The Australian Financial Review of 26 October reports a decision made by the Aircraft Owners and Pilots Association. That Association queried the separation times at Mascot for lighter aircraft. Again this is a matter that needs to be taken into account. As was mentioned at the Association's meeting- I raised this point earlier- the separation standards and the associated delays caused unnecessary loss of time and waste of fuel without enhancing safety. One of the inter-city air services, Aero-Pelican Inter City Commuter Air Services Pty Ltd on which I often travel, said that if graded landing priorities were introduced to Mascot it would be the end of small commuter air services. Mr Hilder, the manager, was commenting on the proposal of the Department of Transport to place the small commuter services at the bottom of the landing priority scale. He went on to say:

If we are given a 'D' priority, they are actually telling us that the people of New South Wales do not have as much right to use their own airport as the people of another State do.

So there are good and genuine grounds for the fears of the commuter operators about their future and their access to the airport. The responsibility lies with the Minister and with the Department. In matters such as this more good is achieved by the people responsible coming out into the open and putting the facts on the table in front of the people concerned than by leaving them to be dealt with by departmental memos, exchanges between governments, secret documents and secret reports.
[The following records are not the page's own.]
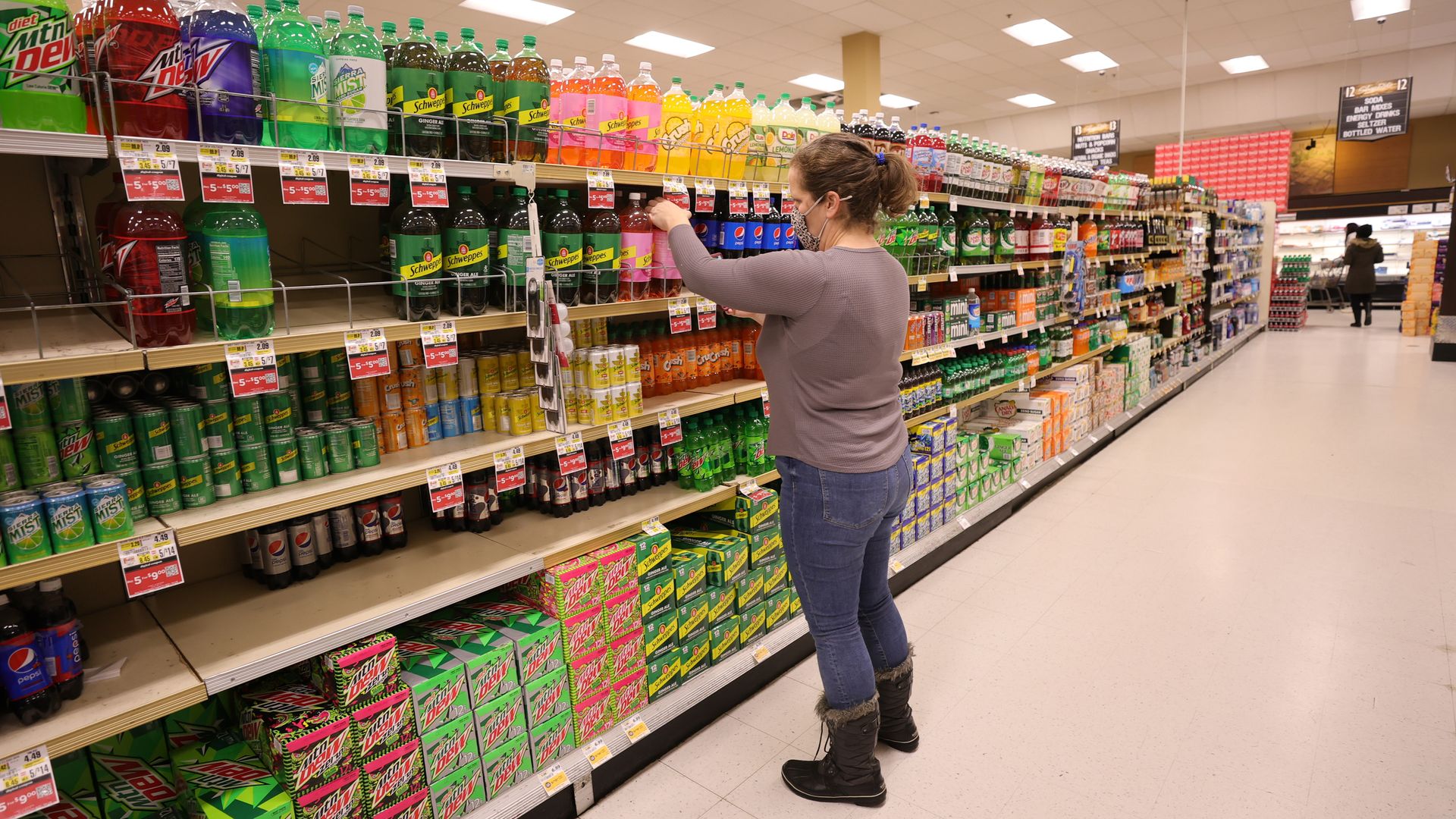 A shopper reaches for a drink in the soda aisle of a grocery store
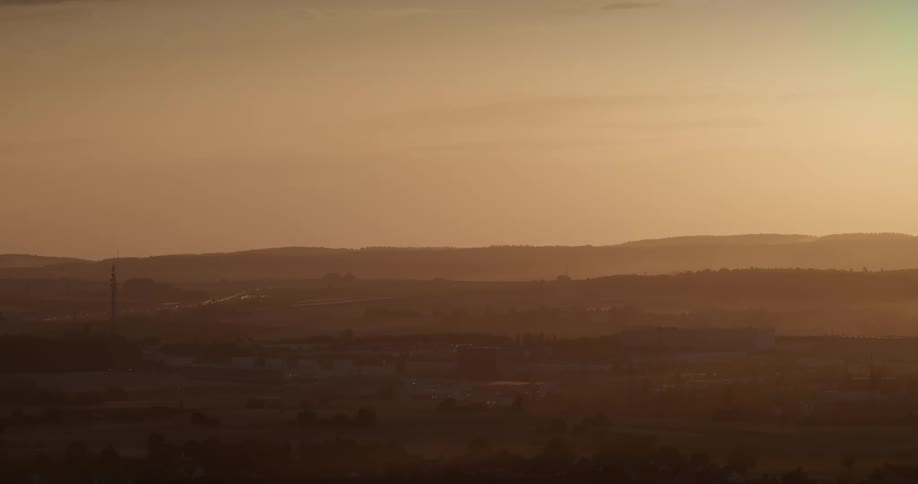 A field with hills on the horizon and in the background the light of the rising sun at dawn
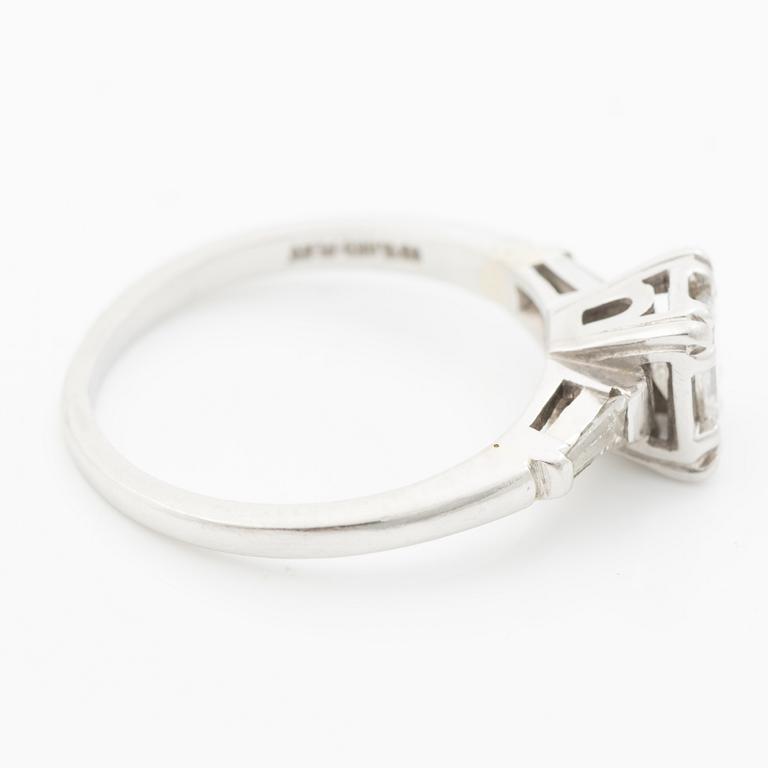 Platinum ring with an emerald-cut diamond and modified baguette-cut diamonds.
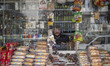 An Iranian salesman poses for a photograph while sitting at a stall in downtown Tehran, Ja...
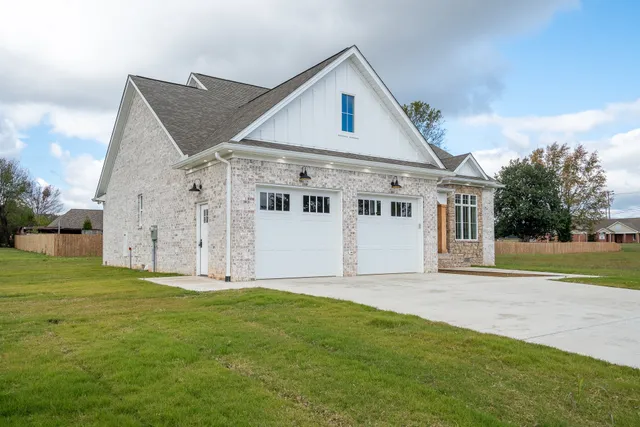 a view of a white house next to a yard with big trees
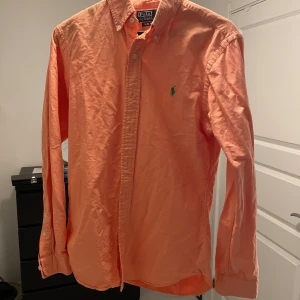 Orange skjorta från Ralph Lauren - Säljer en snygg orange skjorta från Ralph Lauren i slim fit. Skjortan har långa ärmar och knappar framtill samt en broderad logga på bröstet. Perfekt för en stilren look inför sommaren.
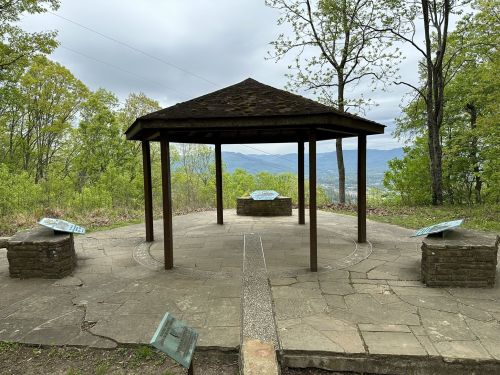 A gazebo on a hillside surrounded by trees, with stone tables and scenic mountain views in the background.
I now turn to the relationship between the aviation industry and the Minister. From reports I have received from within the industry and from the unions, I doubt whether the relationship between the Department of Transport and the industry has ever been at a lower level than it is at present. The industry's disenchantment with government stems from the failure of the Minister to implement the promises he made in the 197S election campaign. At the time he said he would recreate a separate Department of Air. He has not done that. Instead, he has confirmed the role of the expanded Department of Transport which he inherited. He said there would be a halt to increased air navigation charges. Instead, he increased them by 30 per cent within the first 12 months of coming to office. He said that increases in the industry's costs needed to be stabilised. Yet he endorsed a Budget decision to increase the excise on Avtur, thus bringing about an increase of almost 3 per cent in domestic air fares and the prospect of further heavy increases in the price of Avtur under his Government's energy pricing policy and policies which have been supported by him, as a senior Cabinet Minister, m the Cabinet room.
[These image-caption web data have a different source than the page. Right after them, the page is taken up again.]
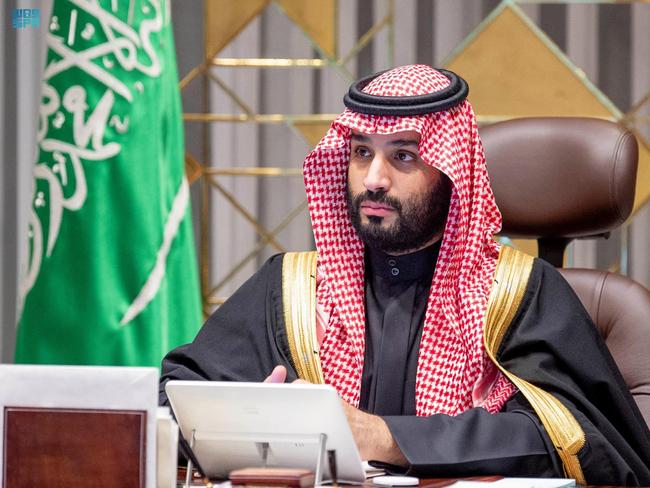 A handout picture provided by the Saudi Press Agency shows Crown Prince Mohammed bin Salman attending the annual shura council meeting, a top advisory body, in the capital Riyadh on December 30, 2021. - During a televised speech Saudi Arabia's King Salman urged arch-rival Iran today to end its "negative behaviour" in the region, after Riyadh accused Tehran of aiding Yemeni rebels in launching deadly attacks on his country. (Photo by SPA / AFP) / === RESTRICTED TO EDITORIAL USE - MANDATORY CREDIT "AFP PHOTO / HO / SPA" - NO MARKETING NO ADVERTISING CAMPAIGNS - DISTRIBUTED AS A SERVICE TO CLIENTS ===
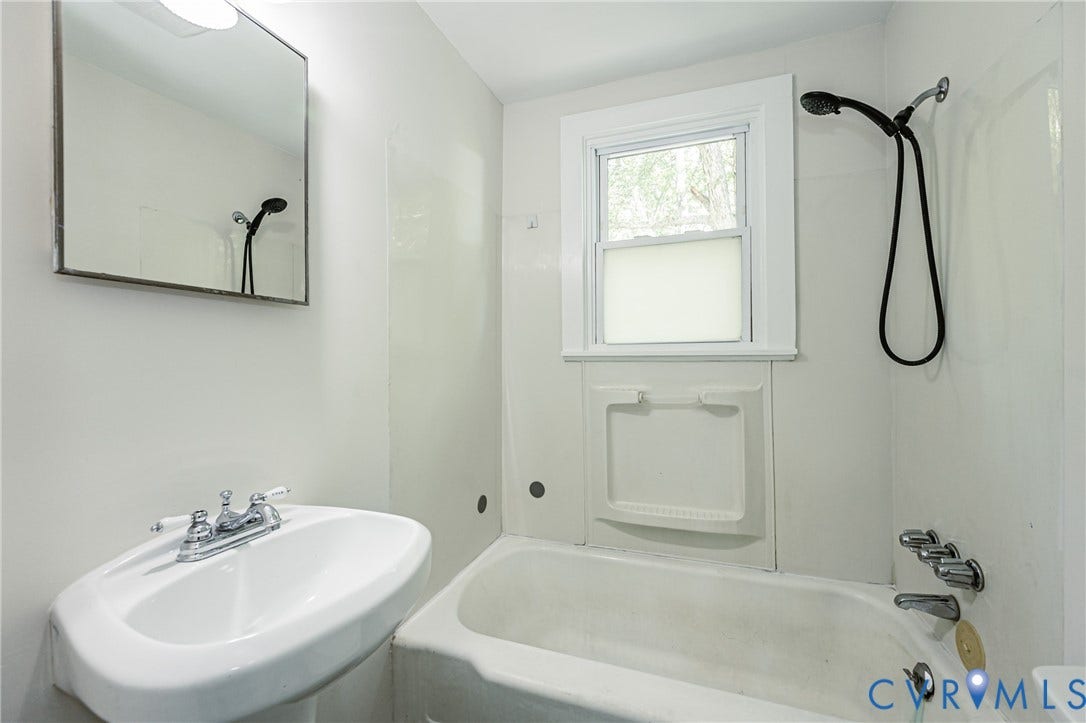 Bathroom featuring a pedestal sink, framed mirror, and a bathtub with an integrated shower fixture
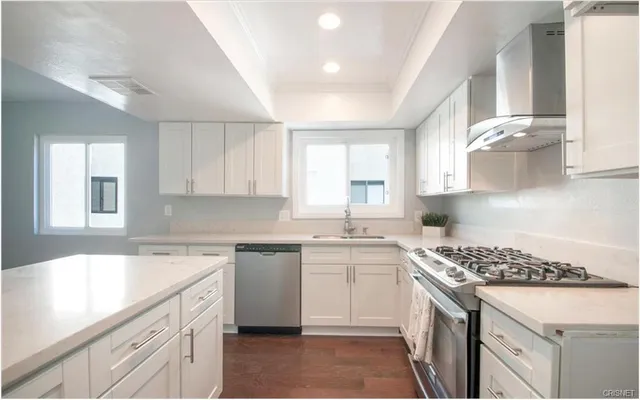 a kitchen with a sink stove top oven and cabinets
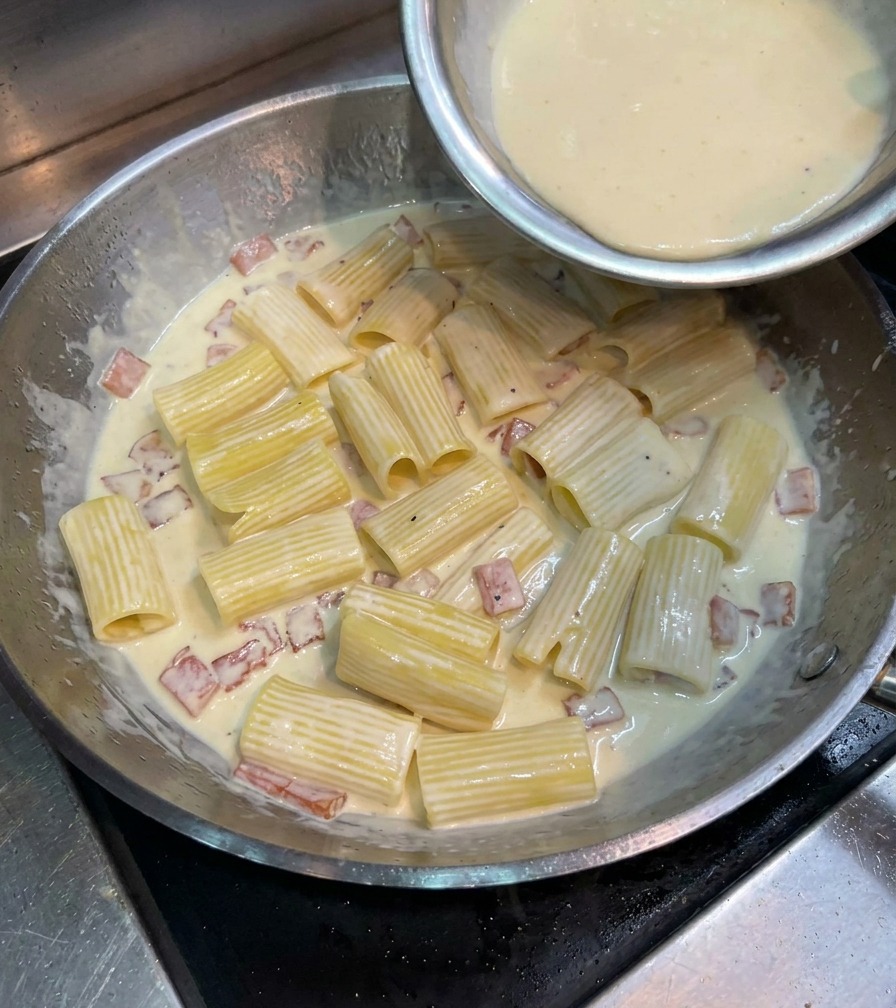 Mélange jaune dœuf et fromage versé sur les rigatoni dans une grande poêle métallique.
Hisattempt to introduce new regulatory charges for services provided to aviation industry personnel sparked off a protest campaign against himself such as has not been seen in Australia previously. He has postponed the introduction of the new charges, but obviously he hopes to introduce them after 10 December if, regrettably, this Government should be returned to office. It is no wonder that the industry is disenchanted with his performance. I do not believe that any other Minister has taken unto himself the power that this Minister has in the management of his Department.

Since December 1975 we have seen a plethora of secret inquiries into transport, particularly aviation. Let me list just a few of them. The Aviation Industry Review Committee, chaired by Sir Lennox Hewitt, was appointed in March 1976 to examine cost recovery in the aviation industry. No report has been presented to Parliament. I shall come back to that matter later. I refer also to the scandalous McNeil Committee of Inquiry into Australian Government transport undertakings. That was an inquiry conducted by competitors of, clients of and suppliers to the Australian Government transport enterprises. No report has been presented to Parliament, despite repeated requests to the Minister to do so. I refer also to the interdepartmental committee which inquired into the provision of Northern Territory aerial services, with particular reference to Connair Pry

Ltd. I have asked the Minister to table the report, but the best answer I have received is that which he gave to question No. 1 805, when he said:

The decisions of the Government, which are based to some extent on the report -

That is the report of the interdepartmental committee- and the recommendations contained therein, are open to parliamentary scrutiny and judgment.

In other words, the Minister is saying: 'We will have a look at the report; we will get the facts; we will make a decision; you can argue about whether the decision is right or wrong, but you cannot have the information'. It is interesting to note that on page 8 of the Minister's second reading speech he says:

I myself had a number of quite frank discussions with the Chairman of Connair, Mr £.J. Connellan.

That is not good enough. Parliament needs to be told the facts and the factors involved. It needs to be told whether there is justification for the action which the Government is taking so that the matter can be examined publicly. It could well be- I emphasise this- that Connair is being disadvantaged by the course of action which the Government, and the Minister in particular, is following. We do not know the facts. I do not have access to the information. I am sure that the Parliament does not have that access. But if the information was laid on the table where it could be discussed and assessed in the public view, it may well be discovered that Connair and the people of the Northern Territory are entitled to a better level of air services than they are receiving under this Government

I refer now to the Domestic Aviation Policy Review Committee. Again, the report of that Committee is privy to the Minister. The report brought down following the Review of International Civil Aviation Policy again is privy to the Minister. People and organisations could make a submission to that Review and if the person or organisation concerned published that submission it would be available for scrutiny. But we have the ludicrous situation of two separate review committees looking at the same subject and their terms of inquiry overlapping. That creates waste and extravagance. No report has been presented to Parliament and no public hearings were conducted. All I can say is: More power to the Minister, more opportunity for back room deals. That is the only conclusion that one can draw when a government does not want to bring information related to the aviation industry out into the open. It must have something to hide. The question is: What? The Minister is left with more power and is in the position to negotiate, to give out largesse. That may not be the situation, but one cannot blame people for taking that view.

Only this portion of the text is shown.